Data: Begin
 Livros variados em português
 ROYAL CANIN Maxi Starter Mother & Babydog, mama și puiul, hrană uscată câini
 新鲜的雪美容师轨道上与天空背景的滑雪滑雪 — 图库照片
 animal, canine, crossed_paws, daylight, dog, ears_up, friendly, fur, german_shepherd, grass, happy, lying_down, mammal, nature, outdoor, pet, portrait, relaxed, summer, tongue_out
Data: End
Data: Begin
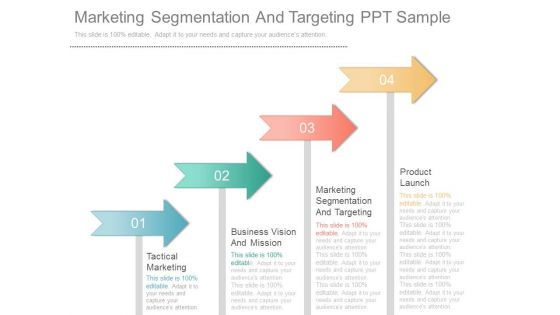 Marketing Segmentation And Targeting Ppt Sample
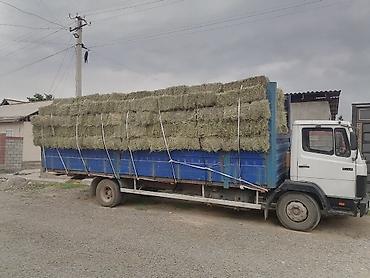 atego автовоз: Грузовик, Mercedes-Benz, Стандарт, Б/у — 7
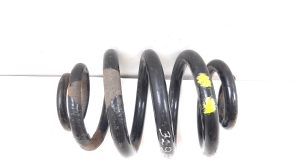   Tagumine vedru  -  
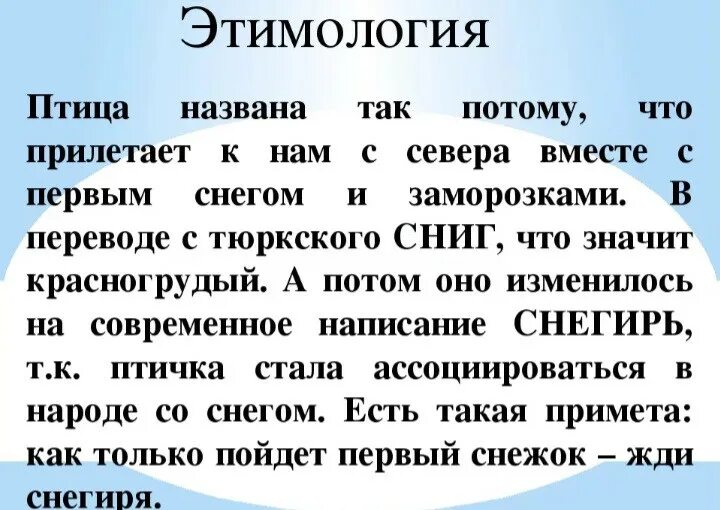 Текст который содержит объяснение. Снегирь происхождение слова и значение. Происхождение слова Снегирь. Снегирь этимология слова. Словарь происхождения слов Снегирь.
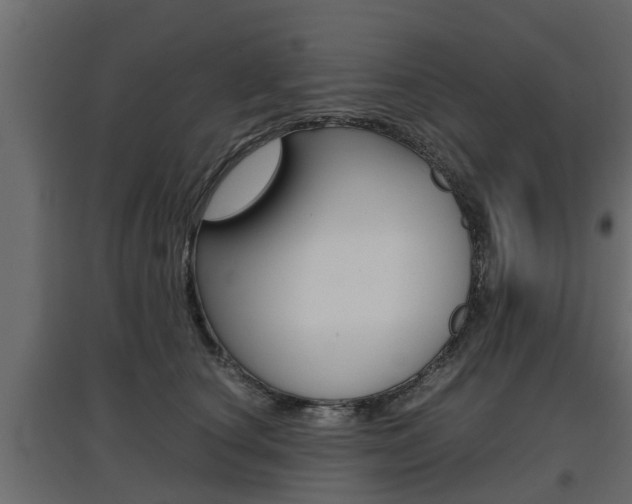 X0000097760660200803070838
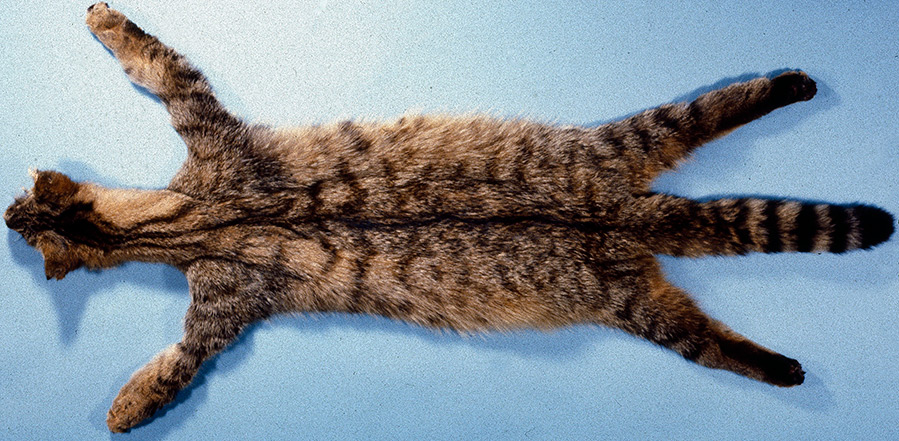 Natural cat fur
Data: End
Your assignment: Reproduce only the lines above spanning from the line containing "ROYAL CANIN Maxi" through the line containing "relaxed, summer, tongue_out", word for word.

Your solution:
 ROYAL CANIN Maxi Starter Mother & Babydog, mama și puiul, hrană uscată câini
 新鲜的雪美容师轨道上与天空背景的滑雪滑雪 — 图库照片
 animal, canine, crossed_paws, daylight, dog, ears_up, friendly, fur, german_shepherd, grass, happy, lying_down, mammal, nature, outdoor, pet, portrait, relaxed, summer, tongue_out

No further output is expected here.